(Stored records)

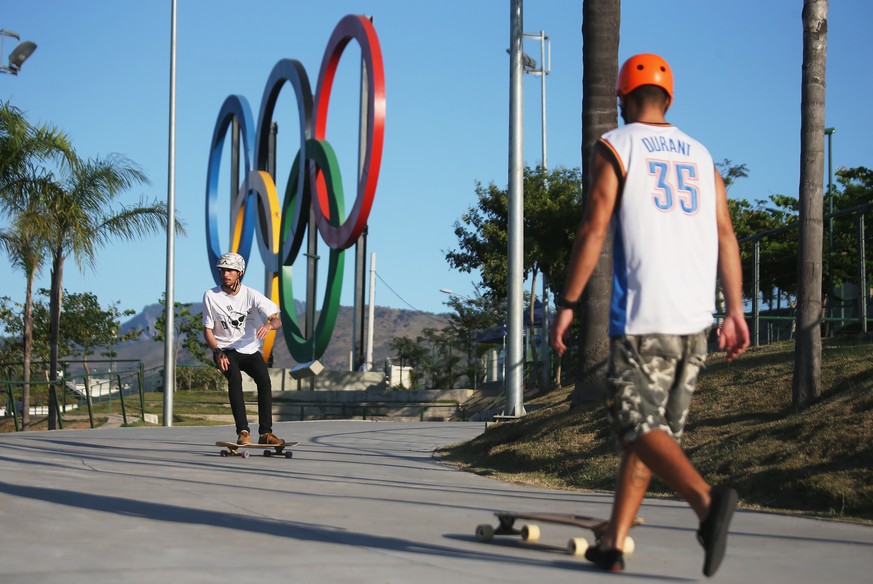 Skateboarden im Schatten der Ringe: In Rio de Janeiro, wo das Bild entstanden ist, wird der Sport im nächsten Jahr noch nicht olympisch sein.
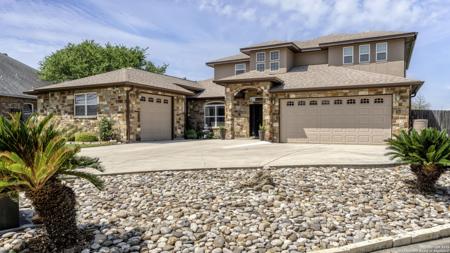 2292 Stratford Grace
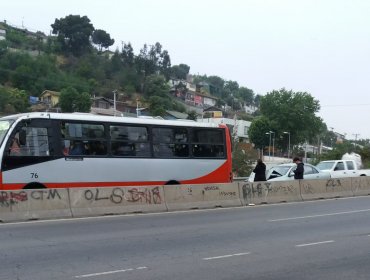 Alta congestión vehicular origina colisión entre un vehículo particular y un microbús en arteria que conecta Quilpué con Viña del Mar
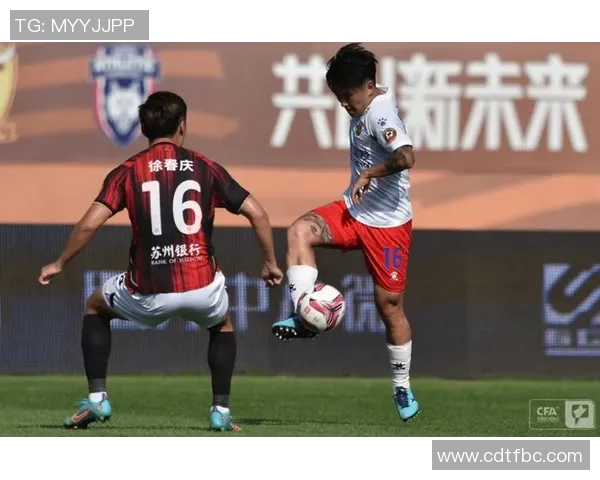 中场吊射精准破门瞬间引爆全场狂热欢呼视频疯传 中场吊射精准破门瞬间引爆全场狂热欢呼视频疯传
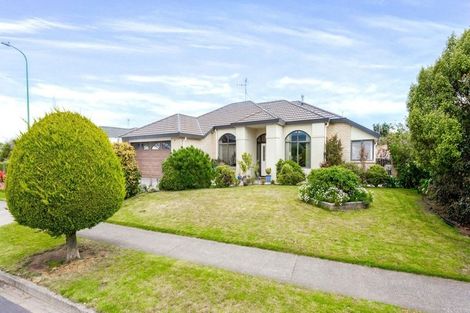 Photo of property in 166 Milne Drive, Paraparaumu, 5032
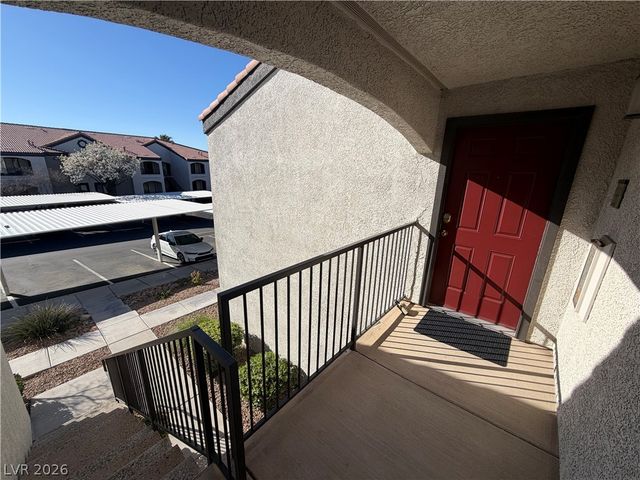 950 Seven Hills Drive 227, Henderson, NV 89052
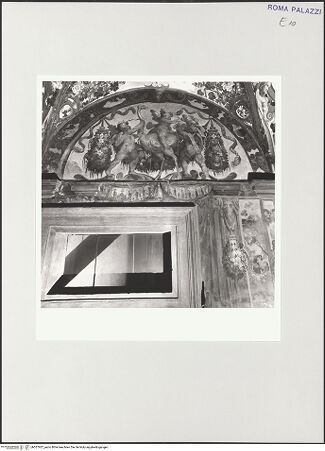 Vorderseite von Sopr. Archeologica di Roma, Museo Nazionale Romano [https://rightsstatements.org/page/CNE/1.0/] Freskierte LoggiendekorationPutti, die mit einem Strauß spielen - , bh557937_recto. Foto.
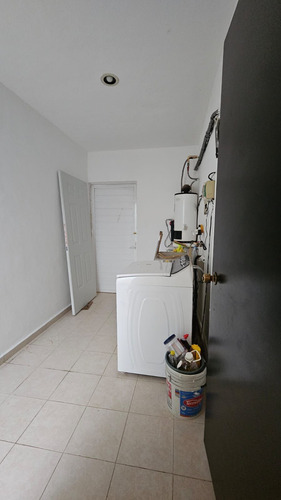 Casa En Sodzil Norte A Unas Cuadras De Las Oficinas Tren Maya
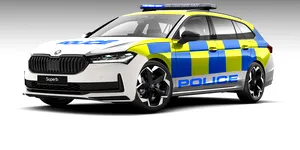 Când performanța întâlnește datoria: noua Skoda Superb intră în serviciul de urgență din UK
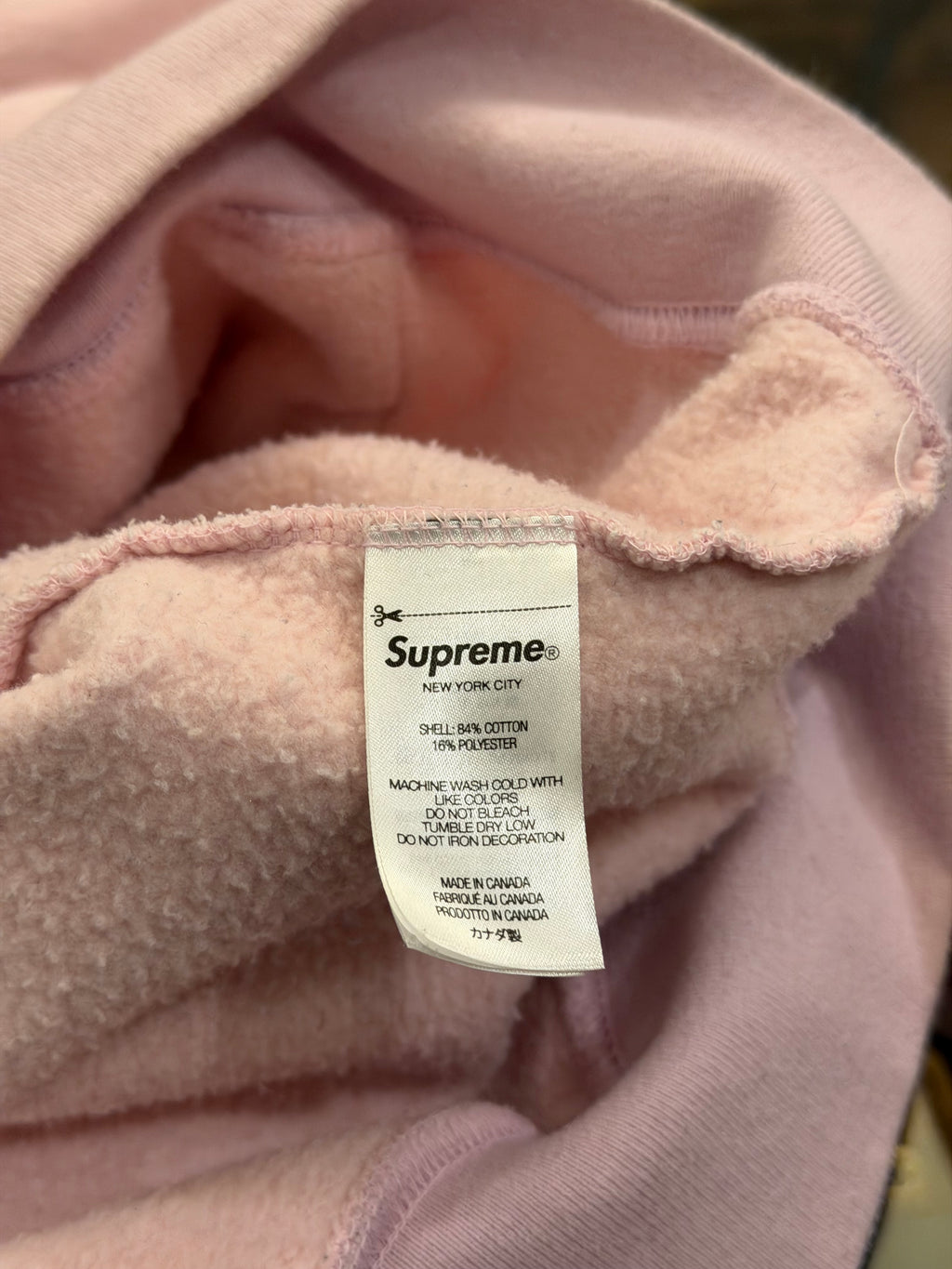 Supreme Small Box Logo
Hoodie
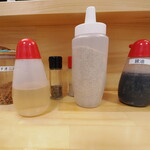 ラーメン 三亀 - 酢、白ごま、醤油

### The problem
Each line from the beginning of the entries up to and including the one containing "Photo of property" must be restated exactly. Pictures are to be left out.

### Answer area
 Skateboarden im Schatten der Ringe: In Rio de Janeiro, wo das Bild entstanden ist, wird der Sport im nächsten Jahr noch nicht olympisch sein.
 2292 Stratford Grace
 Alta congestión vehicular origina colisión entre un vehículo particular y un microbús en arteria que conecta Quilpué con Viña del Mar
 中场吊射精准破门瞬间引爆全场狂热欢呼视频疯传 中场吊射精准破门瞬间引爆全场狂热欢呼视频疯传
 Photo of property in 166 Milne Drive, Paraparaumu, 5032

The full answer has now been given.